The output consists only of the lines from the one with "Kippen Apartment |" through the end of the records, each printed exactly, and contains no pictures.

....................

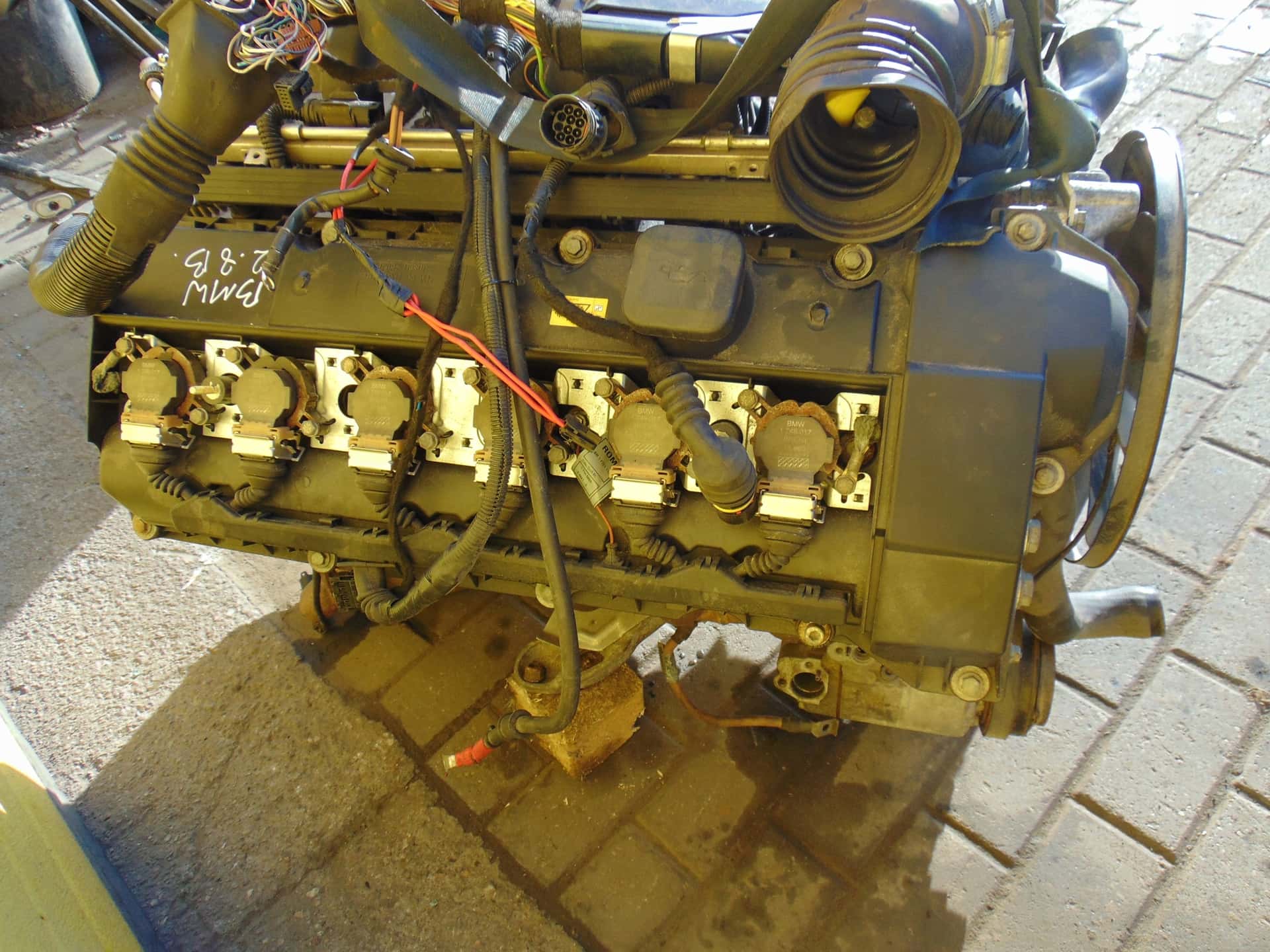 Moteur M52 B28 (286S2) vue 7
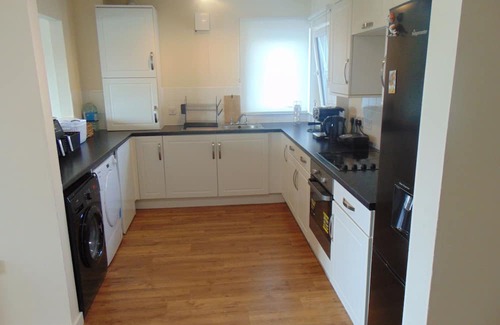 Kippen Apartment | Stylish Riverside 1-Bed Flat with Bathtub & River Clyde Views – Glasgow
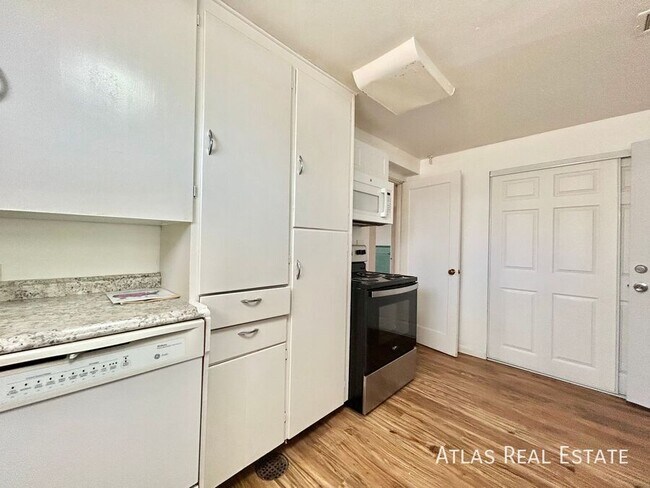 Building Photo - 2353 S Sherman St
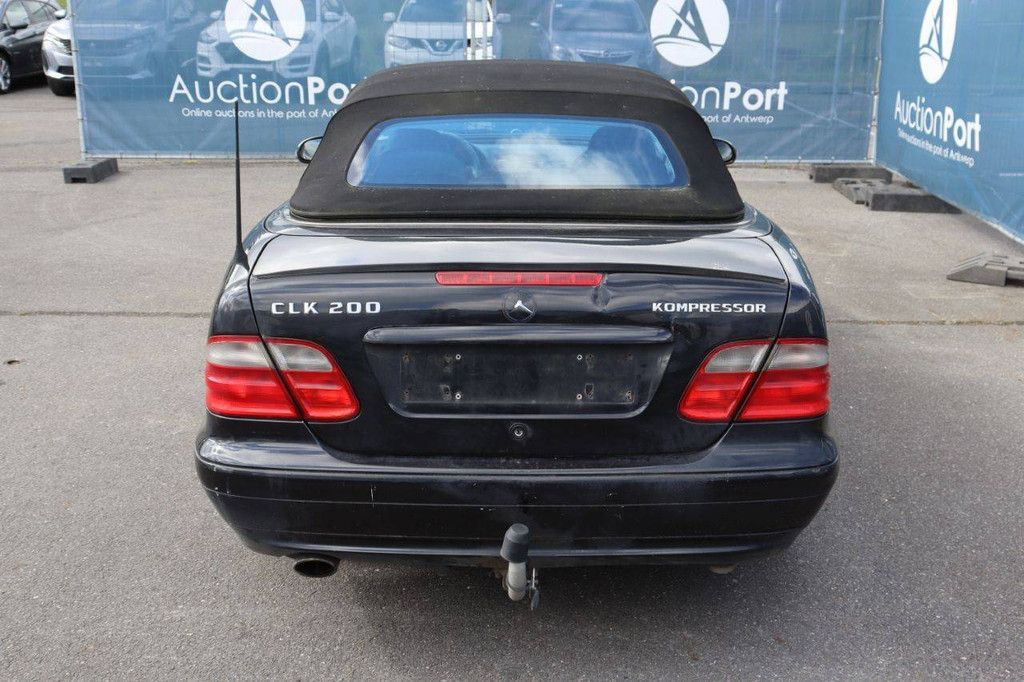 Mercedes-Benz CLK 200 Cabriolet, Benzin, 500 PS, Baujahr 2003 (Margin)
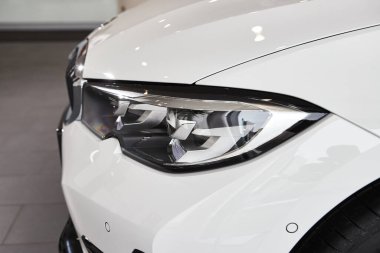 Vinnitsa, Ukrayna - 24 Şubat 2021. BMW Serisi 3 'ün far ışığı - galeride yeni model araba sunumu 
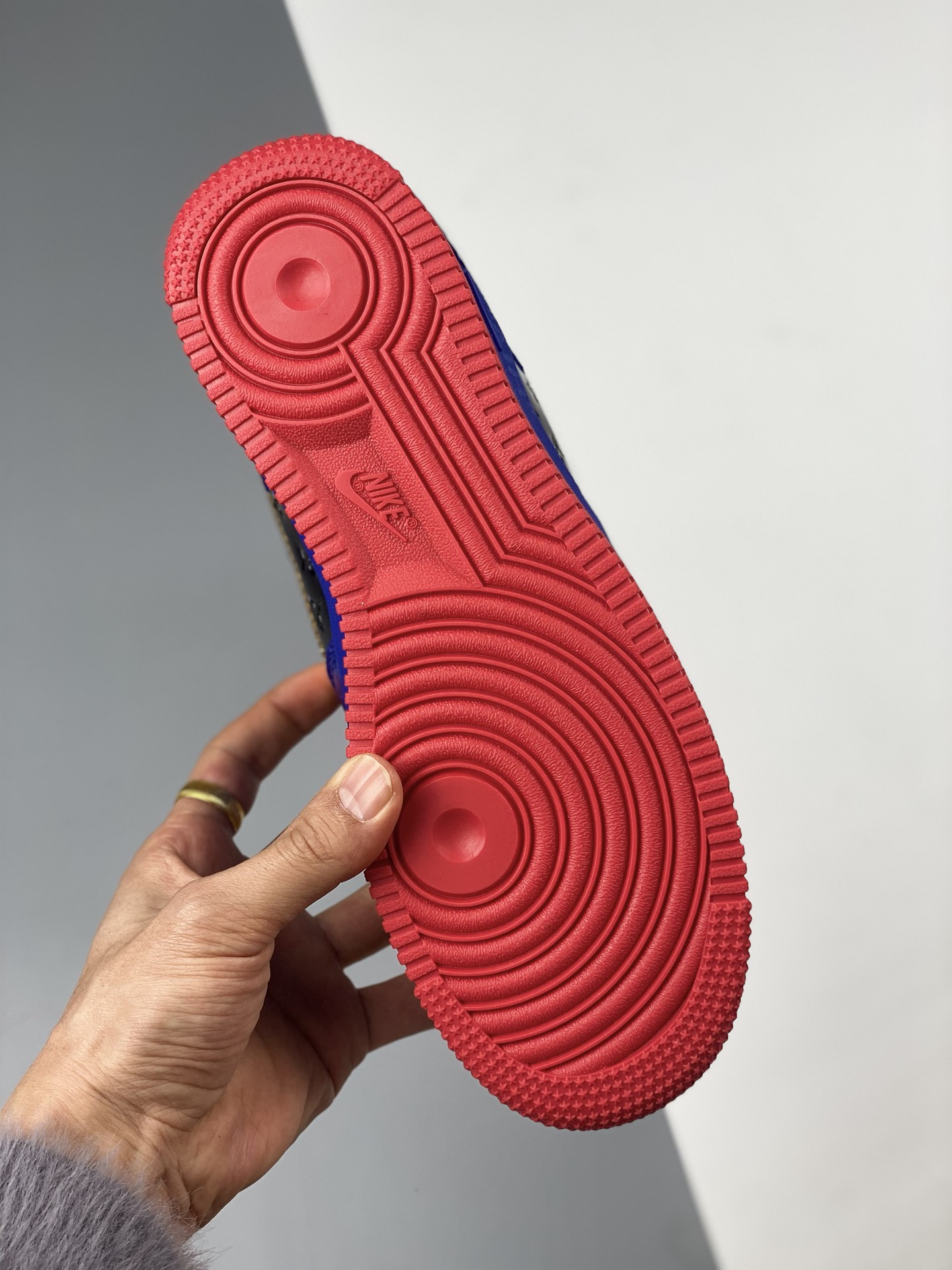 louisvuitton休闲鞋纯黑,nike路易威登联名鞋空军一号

....................

- [Answer section]:
 Kippen Apartment | Stylish Riverside 1-Bed Flat with Bathtub & River Clyde Views – Glasgow
 Building Photo - 2353 S Sherman St
 Mercedes-Benz CLK 200 Cabriolet, Benzin, 500 PS, Baujahr 2003 (Margin)
 Vinnitsa, Ukrayna - 24 Şubat 2021. BMW Serisi 3 'ün far ışığı - galeride yeni model araba sunumu 
 louisvuitton休闲鞋纯黑,nike路易威登联名鞋空军一号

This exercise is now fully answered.